# Calibre Library---disappeared!



## lulucello (Nov 18, 2009)

Help!  When I opened Calibre today, by library was empty!  Where have my 88 books gone?  I spent hours updating the meta data and won't do it again.  What a PIA.  Any ideas?
Judith


----------



## pidgeon92 (Oct 27, 2008)

First thing you should do.... Reboot your PC.


----------



## Atunah (Nov 20, 2008)

Is the folder your books are in still specified as your calibre library?


----------



## meljackson (Nov 19, 2008)

This happened to me too. I didn't have that many books though. 

Melissa


----------



## lulucello (Nov 18, 2009)

Rebooting didn't help.  The books are still in a download folder on my computer, but I think they were there before I corrected and organized all the metadata.  Duh.  I just don't have it in me to do it all again.
Judith


----------



## pidgeon92 (Oct 27, 2008)

Have you backed up your hard drive since you made the changes?


----------



## lulucello (Nov 18, 2009)

Ok.  I found the correct folder---craftily labeled Calibre Library.  I was able to re-import all the books (well, 68 of the 87 showed up.)  I guess I'm back in business, but I'm beginning to wonder if using Calibre has any real value for me.  I'm not trying to keep track of lots of books in a series.  In any case, thanks for your support.  Next time I won't panic.  I'll look in my files, first.  Thank you all.
Judith


----------



## Pushka (Oct 30, 2009)

Calibre is really confusing to me too at the moment, since the latest update. And it is all to do with the library. So you are not on your own lulucello.


----------



## mrscottishman (May 18, 2010)

Pushka said:


> Calibre is really confusing to me too at the moment, since the latest update. And it is all to do with the library. So you are not on your own lulucello.

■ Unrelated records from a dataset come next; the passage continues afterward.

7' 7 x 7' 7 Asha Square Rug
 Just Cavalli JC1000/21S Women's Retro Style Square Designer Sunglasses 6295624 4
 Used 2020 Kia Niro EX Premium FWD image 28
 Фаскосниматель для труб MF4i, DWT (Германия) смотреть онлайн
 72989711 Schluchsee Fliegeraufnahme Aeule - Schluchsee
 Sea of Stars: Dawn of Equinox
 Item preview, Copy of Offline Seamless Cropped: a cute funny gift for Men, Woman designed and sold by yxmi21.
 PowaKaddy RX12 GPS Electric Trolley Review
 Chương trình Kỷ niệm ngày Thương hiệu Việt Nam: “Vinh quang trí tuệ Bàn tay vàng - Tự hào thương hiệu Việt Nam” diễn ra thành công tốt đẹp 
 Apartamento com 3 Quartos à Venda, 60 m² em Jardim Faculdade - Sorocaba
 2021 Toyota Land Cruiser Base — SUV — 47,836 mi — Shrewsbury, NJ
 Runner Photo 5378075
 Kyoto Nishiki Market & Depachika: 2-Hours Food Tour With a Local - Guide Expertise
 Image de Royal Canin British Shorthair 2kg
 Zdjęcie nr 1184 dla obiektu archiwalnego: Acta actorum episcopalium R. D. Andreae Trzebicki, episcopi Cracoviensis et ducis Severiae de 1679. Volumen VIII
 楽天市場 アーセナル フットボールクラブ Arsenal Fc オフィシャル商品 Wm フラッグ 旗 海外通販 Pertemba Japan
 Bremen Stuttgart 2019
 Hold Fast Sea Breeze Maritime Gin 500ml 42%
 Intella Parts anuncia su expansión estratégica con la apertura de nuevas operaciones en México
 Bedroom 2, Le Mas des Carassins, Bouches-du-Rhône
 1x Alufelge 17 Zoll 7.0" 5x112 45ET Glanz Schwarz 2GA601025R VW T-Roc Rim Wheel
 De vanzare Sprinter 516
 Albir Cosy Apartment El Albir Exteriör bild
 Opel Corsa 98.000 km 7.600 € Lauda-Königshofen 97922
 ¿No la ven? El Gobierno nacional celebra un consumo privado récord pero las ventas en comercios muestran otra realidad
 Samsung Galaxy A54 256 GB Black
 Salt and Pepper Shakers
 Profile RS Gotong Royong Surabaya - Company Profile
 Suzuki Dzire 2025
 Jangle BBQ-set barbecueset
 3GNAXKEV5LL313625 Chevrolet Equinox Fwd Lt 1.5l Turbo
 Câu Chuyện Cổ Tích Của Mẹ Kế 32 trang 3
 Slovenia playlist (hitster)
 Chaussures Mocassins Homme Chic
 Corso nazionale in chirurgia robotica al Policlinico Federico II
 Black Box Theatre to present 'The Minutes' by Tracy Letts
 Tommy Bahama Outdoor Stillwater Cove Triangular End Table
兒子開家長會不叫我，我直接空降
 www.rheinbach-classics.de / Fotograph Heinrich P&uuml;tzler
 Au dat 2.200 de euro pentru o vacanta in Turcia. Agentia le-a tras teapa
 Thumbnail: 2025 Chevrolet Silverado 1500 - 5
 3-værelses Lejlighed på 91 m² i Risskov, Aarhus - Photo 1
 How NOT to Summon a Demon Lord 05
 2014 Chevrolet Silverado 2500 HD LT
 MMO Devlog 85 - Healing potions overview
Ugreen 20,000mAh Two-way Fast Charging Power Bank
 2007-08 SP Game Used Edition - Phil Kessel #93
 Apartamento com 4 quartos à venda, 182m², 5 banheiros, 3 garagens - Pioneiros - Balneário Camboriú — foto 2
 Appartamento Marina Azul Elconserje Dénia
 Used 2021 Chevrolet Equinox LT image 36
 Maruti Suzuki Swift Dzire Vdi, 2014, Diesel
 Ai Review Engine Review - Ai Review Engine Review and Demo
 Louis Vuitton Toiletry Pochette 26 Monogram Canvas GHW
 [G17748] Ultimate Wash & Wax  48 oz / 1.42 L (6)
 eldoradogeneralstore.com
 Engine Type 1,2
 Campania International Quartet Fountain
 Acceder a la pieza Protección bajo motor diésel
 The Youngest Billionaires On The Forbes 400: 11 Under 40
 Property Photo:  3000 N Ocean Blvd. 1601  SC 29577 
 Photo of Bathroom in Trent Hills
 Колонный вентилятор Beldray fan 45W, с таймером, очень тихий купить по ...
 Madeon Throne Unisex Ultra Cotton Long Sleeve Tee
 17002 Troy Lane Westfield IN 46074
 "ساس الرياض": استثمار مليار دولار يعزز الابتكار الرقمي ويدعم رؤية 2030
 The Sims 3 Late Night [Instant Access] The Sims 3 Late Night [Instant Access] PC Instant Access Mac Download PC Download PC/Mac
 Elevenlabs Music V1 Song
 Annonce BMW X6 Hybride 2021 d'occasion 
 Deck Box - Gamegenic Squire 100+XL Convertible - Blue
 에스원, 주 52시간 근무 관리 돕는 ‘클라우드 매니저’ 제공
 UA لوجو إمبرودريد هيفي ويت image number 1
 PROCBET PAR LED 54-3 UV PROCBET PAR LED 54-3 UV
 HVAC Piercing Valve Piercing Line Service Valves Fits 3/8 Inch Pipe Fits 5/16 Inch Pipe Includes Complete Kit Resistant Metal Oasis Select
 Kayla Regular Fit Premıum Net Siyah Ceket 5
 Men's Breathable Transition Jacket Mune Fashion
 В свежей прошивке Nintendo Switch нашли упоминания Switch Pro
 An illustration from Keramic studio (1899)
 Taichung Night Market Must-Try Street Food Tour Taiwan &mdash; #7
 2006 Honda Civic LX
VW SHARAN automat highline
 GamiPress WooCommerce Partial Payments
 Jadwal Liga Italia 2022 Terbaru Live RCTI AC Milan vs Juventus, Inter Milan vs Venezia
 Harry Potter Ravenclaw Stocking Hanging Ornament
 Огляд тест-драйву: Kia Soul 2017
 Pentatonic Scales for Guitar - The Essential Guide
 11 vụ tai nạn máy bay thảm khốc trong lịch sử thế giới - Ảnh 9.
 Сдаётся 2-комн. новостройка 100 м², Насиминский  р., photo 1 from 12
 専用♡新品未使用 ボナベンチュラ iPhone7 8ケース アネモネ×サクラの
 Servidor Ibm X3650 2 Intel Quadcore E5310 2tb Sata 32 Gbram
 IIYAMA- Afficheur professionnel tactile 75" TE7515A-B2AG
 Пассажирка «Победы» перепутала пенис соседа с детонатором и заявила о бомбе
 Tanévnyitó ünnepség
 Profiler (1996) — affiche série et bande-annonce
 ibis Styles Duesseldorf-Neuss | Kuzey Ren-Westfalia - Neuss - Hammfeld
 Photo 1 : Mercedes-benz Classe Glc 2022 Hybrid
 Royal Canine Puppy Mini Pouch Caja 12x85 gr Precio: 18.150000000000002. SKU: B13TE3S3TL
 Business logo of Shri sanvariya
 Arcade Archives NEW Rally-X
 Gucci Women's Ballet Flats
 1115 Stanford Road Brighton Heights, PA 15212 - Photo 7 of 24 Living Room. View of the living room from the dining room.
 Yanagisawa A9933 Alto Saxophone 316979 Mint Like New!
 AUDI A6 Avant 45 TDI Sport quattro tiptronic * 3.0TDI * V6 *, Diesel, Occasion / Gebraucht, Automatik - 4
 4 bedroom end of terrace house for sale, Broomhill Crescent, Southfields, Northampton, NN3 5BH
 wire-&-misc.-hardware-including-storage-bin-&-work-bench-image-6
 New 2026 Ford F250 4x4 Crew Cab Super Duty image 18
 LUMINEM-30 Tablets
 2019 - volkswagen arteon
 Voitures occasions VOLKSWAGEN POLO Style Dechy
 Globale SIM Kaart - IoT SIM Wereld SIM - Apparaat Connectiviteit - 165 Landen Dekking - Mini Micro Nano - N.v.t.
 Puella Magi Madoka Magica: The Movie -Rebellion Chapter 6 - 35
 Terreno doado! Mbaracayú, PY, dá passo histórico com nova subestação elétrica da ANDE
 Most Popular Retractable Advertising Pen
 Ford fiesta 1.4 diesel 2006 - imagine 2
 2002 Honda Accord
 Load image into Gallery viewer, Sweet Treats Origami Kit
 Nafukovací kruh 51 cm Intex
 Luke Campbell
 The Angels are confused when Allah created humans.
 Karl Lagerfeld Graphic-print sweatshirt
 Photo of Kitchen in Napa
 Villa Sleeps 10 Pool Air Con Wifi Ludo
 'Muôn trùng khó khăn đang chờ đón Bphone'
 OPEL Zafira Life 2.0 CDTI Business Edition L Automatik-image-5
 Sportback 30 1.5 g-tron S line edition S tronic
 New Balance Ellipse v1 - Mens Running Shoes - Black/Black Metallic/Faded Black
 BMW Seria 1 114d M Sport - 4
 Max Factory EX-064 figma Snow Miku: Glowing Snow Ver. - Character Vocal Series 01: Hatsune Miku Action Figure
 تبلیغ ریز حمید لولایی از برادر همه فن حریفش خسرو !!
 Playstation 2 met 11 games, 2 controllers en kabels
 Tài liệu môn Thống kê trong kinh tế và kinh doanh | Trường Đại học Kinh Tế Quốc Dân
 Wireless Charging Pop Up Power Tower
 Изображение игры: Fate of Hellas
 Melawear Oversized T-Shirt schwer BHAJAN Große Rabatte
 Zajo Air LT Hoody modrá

You know Calibre has the ability to work with different libraries in different folders. The Calibre version changes so much I think we need a way that libraries would work with different Calibre versions! 

I used to update every time it was available, but things are working pretty well with me now and I have stopped for a while.

Scott


----------



## Pushka (Oct 30, 2009)

mrscottishman said:


> You know Calibre has the ability to work with different libraries in different folders. The Calibre version changes so much I think we need a way that libraries would work with different Calibre versions!
> 
> I used to update every time it was available, but things are working pretty well with me now and I have stopped for a while.
> 
> Scott


Very wise. I wish I had done that one version ago! And it takes up so much computer power now to do things like conversions.


----------